--- Extracted material ---

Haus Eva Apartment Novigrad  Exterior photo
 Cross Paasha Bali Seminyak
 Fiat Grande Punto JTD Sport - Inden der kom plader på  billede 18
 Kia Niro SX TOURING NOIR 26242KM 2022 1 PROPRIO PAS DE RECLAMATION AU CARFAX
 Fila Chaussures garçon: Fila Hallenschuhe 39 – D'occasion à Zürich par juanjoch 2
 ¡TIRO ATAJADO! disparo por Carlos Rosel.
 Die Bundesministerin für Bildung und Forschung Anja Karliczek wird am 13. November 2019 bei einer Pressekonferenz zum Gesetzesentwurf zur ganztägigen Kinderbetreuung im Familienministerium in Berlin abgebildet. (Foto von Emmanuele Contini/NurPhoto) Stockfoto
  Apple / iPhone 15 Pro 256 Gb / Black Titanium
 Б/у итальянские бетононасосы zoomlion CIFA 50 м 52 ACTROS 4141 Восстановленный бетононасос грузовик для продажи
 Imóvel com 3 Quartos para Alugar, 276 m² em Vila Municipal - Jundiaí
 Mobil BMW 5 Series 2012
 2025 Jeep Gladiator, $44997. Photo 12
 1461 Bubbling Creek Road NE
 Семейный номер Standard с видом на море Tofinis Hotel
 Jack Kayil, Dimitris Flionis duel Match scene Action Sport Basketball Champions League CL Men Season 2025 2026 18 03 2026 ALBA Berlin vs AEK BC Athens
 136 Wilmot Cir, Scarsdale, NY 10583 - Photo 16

---

- Your instructions -
Each line shown above must be repeated exactly.

- Task response -
Haus Eva Apartment Novigrad  Exterior photo
 Cross Paasha Bali Seminyak
 Fiat Grande Punto JTD Sport - Inden der kom plader på  billede 18
 Kia Niro SX TOURING NOIR 26242KM 2022 1 PROPRIO PAS DE RECLAMATION AU CARFAX
 Fila Chaussures garçon: Fila Hallenschuhe 39 – D'occasion à Zürich par juanjoch 2
 ¡TIRO ATAJADO! disparo por Carlos Rosel.
 Die Bundesministerin für Bildung und Forschung Anja Karliczek wird am 13. November 2019 bei einer Pressekonferenz zum Gesetzesentwurf zur ganztägigen Kinderbetreuung im Familienministerium in Berlin abgebildet. (Foto von Emmanuele Contini/NurPhoto) Stockfoto
  Apple / iPhone 15 Pro 256 Gb / Black Titanium
 Б/у итальянские бетононасосы zoomlion CIFA 50 м 52 ACTROS 4141 Восстановленный бетононасос грузовик для продажи
 Imóvel com 3 Quartos para Alugar, 276 m² em Vila Municipal - Jundiaí
 Mobil BMW 5 Series 2012
 2025 Jeep Gladiator, $44997. Photo 12
 1461 Bubbling Creek Road NE
 Семейный номер Standard с видом на море Tofinis Hotel
 Jack Kayil, Dimitris Flionis duel Match scene Action Sport Basketball Champions League CL Men Season 2025 2026 18 03 2026 ALBA Berlin vs AEK BC Athens
 136 Wilmot Cir, Scarsdale, NY 10583 - Photo 16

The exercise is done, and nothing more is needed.